A&F: The comeback








Don’t forget peeps, Abercrombie’s cult A&F magalog returns on Saturday for London customers only. And you have to be over 18. And you have to pay for it (I think). Hey, it matters not, don’t forget these are Bruce Weber pics (of hot boys) we’re talking about. And they’re totally collactable (translation: Ebayable) too.



What a coup!



The collaboration to end all collabrations, H&M have hooked up with Rei Kawakubo of Commes des Garcons to create an exclusive collection for autumn 2008. Included in the range are womenswear, menswear, a smattering of childrenswear as well as a unisex fragance and accessories. Talk about a coup, how do you beat that? Short of Marc Jacobs designing for Gap (which he’s hinted he always wanted to do) I don’t think there’s any point in any more of these collaborations after this one.

The range launches in Tokyo at the beginning of November followed by the rest of the world a few days later. What can we expect to see in the range? Well the great thing about Comme is how it combines wacky pieces with updated classics so my money’s on graphic printed tees, school-girl grey knitwear-with-a-twist, a perfect pleat-top trouser (for men and women), surely a rockabilly fifties frock or two in insane colours like neon pink or yellow and some wear-anywear white shirts. Accessory-wise I can imagine something in garish plastic or rubber (a shopper?), some brothel creeper-esque shoes and maybe a take on a Converse or Vans shoe. My man D suggests something in yellow/black tartan (kilts for men? bomber jackets?), and a version of their pop-coloured zip purses in printed vinyl. What does everyone else think?



The It-bag robberies




Those wretched baglifters are still at it, smashing and grabbing from every It-bag peddler from Bond Street to Sloane Street. On Monday evening the bike-mounted bag-burglers targeted the Fendi store but were papped by photographers stalking Rebecca Loos as they drove past Cipriani in Mayfair with as many as thirty bags hanging off each bike. Although it’s not much fun for a bag designer to have their stock plundered only to have the precious loot unceremoniously flogged on Ebay, it must be a bit of a comfort to know they’ve been targeted. In a way, these robberies are serving as quite the accidental barometer of what’s hot and what’s not in arm candy. So far, Luella, Anya Hindmarch, Mulberry, Louis Vuitton, Jimmy Choo and Salvatore Ferragamo have all been victims, imagine the shame if you were the only bag shop that wasn’t being raided, you’d almost have to stage a robbery yourself, just to save face.



Naughty numpties



The latest round of autumn-winter press days has just begun and amongst the booty we can look forward to in our goody bags are vouchers to spend at the high street department stores. A while ago, certain stores decided (correctly) that we’d far rather be given gift vouchers to spend on items of our own choosing than the usual scarf, bag or necklace. (Actually, we’d rather have the cash but that would be a bit too greedy.) Alas, an unfortunate turn of events has taken place that may put an end to the gift voucher tradition.

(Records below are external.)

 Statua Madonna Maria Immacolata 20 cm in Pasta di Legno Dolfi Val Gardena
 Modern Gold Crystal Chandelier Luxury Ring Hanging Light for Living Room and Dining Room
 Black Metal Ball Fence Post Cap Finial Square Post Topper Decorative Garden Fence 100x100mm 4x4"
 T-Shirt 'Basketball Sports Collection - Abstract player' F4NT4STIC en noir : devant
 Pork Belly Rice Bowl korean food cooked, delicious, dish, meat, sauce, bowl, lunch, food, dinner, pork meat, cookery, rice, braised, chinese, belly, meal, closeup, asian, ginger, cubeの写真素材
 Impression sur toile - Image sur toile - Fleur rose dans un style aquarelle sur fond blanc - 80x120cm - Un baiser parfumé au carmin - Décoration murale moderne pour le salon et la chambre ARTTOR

Four press officers for a well-known department store have been sacked following an investigation into a gift voucher scam. It seems these hapless PRs were ordering rather too many gift vouchers for phantom ‘competitions’ and then spending them themselves. So did they go to an off-radar branch of their store to spend said vouchers? No, they spent them in the Oxford Street store, mere yards from their press office and were caught on camera committing the offence. Doh! Still, it’s not as bad as the PR for another high street chain (clue: it’s the one that has sales hat start at 5’oclock in the morning) who was sacked for selling press samples on a market stall. Euww, how common!